# Problem statement
Only the lines below from the one that contains "click here to" through the one that contains "Carte topographique de" should appear in your answer, exact and without pictures.

# Data for processing
━━━━━━━━━━━━━━━━━━━━━━━━━━━━━━

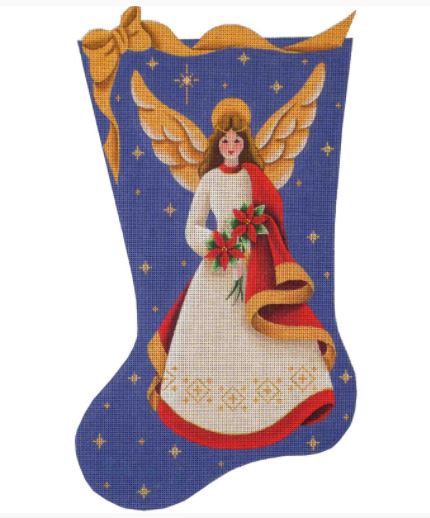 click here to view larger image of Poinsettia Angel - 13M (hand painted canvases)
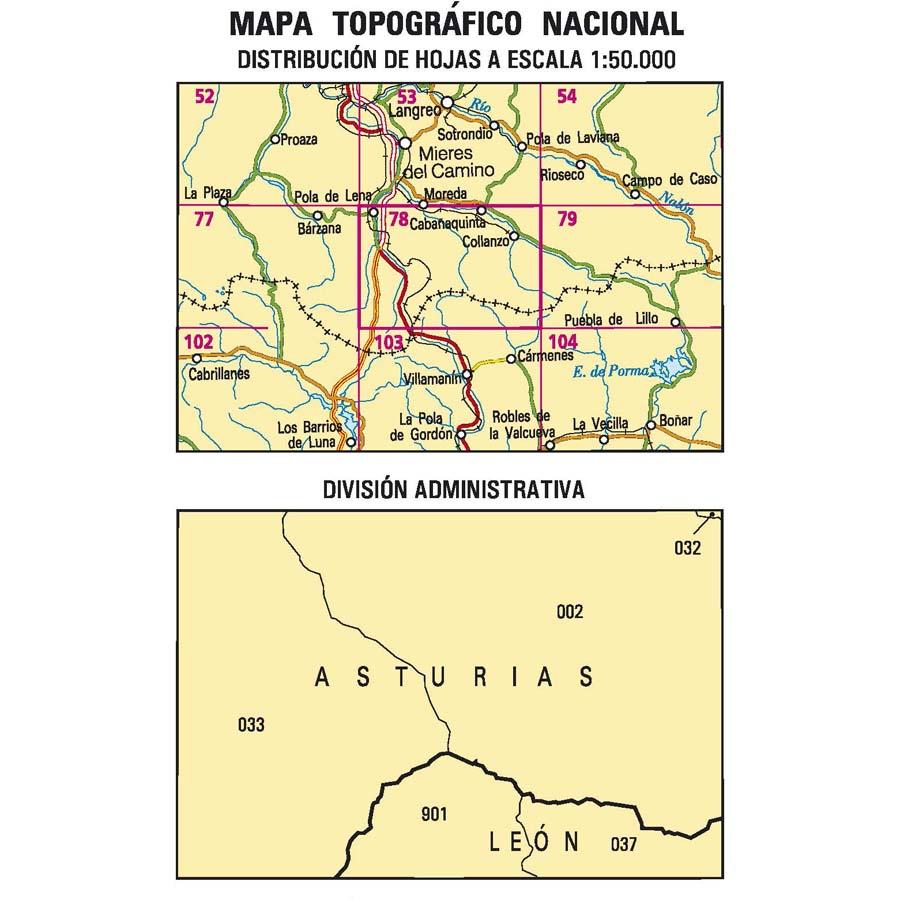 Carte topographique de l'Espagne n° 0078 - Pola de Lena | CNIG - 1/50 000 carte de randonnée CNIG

━━━━━━━━━━━━━━━━━━━━━━━━━━━━━━

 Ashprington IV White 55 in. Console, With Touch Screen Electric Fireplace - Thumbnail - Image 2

━━━━━━━━━━━━━━━━━━━━━━━━━━━━━━

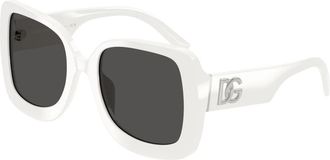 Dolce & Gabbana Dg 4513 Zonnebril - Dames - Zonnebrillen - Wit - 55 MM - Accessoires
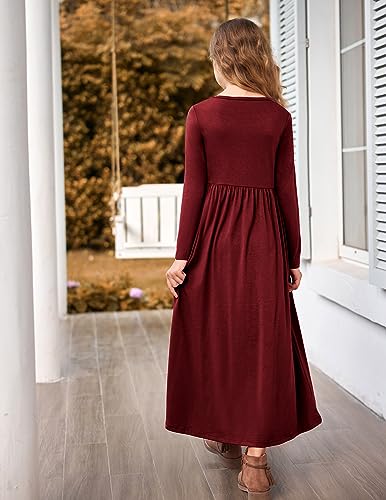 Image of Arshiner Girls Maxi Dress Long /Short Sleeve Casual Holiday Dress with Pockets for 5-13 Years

━━━━━━━━━━━━━━━━━━━━━━━━━━━━━━

# Solution to this problem
 click here to view larger image of Poinsettia Angel - 13M (hand painted canvases)
 Carte topographique de l'Espagne n° 0078 - Pola de Lena | CNIG - 1/50 000 carte de randonnée CNIG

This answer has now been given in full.